Traditional erotica represents women as natural objects--as the earth, as fields, as fruits, or as ore--to be exploited by men, who plow, pluck, or mine their sexual resources, and to represent males as equally soulless mechanical men. If women are heartless, mindless features of the landscape, men are unfeeling, unthinking contraptions which farm or excavate or manufacture the natural resources of femininity and womanhood. Only by creating fresh metaphors, analogies, and other rhetorical and poetic figures can writers and readers begin to think of men and women anew, in new terms. Gay fiction sometimes attempts to portray some men as feminine, just as lesbian literature occasionally depicts some women as masculine, and a few writers (those, perhaps, with a bisexual or pansexual leaning) seek to represent both men and women alike as more-or-less androgynous figures who are willing to have sex with anyone, anywhere.

Sex and gender need not be represented as polarized opposites or in the natural and technological terms in which we have come to depict women and men, respectively, but framing depends upon the cultural, social, historical, environmental, and political milieu in which writers write and readers read.
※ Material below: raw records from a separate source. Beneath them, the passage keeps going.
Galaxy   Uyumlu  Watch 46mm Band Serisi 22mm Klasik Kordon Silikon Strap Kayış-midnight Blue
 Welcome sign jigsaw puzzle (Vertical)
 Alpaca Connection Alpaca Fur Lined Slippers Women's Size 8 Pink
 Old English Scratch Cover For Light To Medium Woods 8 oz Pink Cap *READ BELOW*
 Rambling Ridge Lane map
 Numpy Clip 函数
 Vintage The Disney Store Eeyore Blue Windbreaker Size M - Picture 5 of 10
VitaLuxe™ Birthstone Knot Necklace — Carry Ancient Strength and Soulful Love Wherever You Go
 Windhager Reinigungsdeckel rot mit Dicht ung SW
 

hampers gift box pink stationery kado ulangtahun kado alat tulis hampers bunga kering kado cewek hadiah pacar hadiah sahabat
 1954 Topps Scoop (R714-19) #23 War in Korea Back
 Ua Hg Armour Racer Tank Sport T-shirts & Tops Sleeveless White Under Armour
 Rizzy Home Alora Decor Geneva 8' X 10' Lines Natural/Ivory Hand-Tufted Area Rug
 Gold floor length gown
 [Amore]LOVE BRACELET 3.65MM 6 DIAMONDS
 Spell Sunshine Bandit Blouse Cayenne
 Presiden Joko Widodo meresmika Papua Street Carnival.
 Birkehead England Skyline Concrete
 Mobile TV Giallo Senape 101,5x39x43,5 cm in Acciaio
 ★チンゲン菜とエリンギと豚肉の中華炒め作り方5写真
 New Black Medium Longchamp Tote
Not until we transcend ourselves--which may be an impossibility--can we transcend the limitations that result from framing subjects. Just to be aware of these limitations, however, is to something. At least with the knowledge that these limitations exist, we can use them to our best advantage as writers of erotica.

Perhaps, as climate change develops as a consequence of global warming, we can use the consequences of these (probably sometimes catastrophic) changes as a basis for developing a new paradigm of human sex and gender that allows us to move beyond the male-female dichotomy to a spectrum or continuum of sex-and-gender that includes continuous and inevitable change, transformation, and metamorphosis in which sex and gender become as fluid as nature itself has had to be, in times both past and present, simply to survive.

Maybe there is hope for men and women, after all; maybe we can evolve beyond mere masculinity and femininity and beyond even maleness and femaleness. Maybe we can all become chicks with dicks or dudes with boobs, both is a social and an emotional, as well as a sexual, sense. Even better, maybe transsexuals will be only the start of a new and endless evolution of human sex and gender, the forms of which are, today, unimaginable.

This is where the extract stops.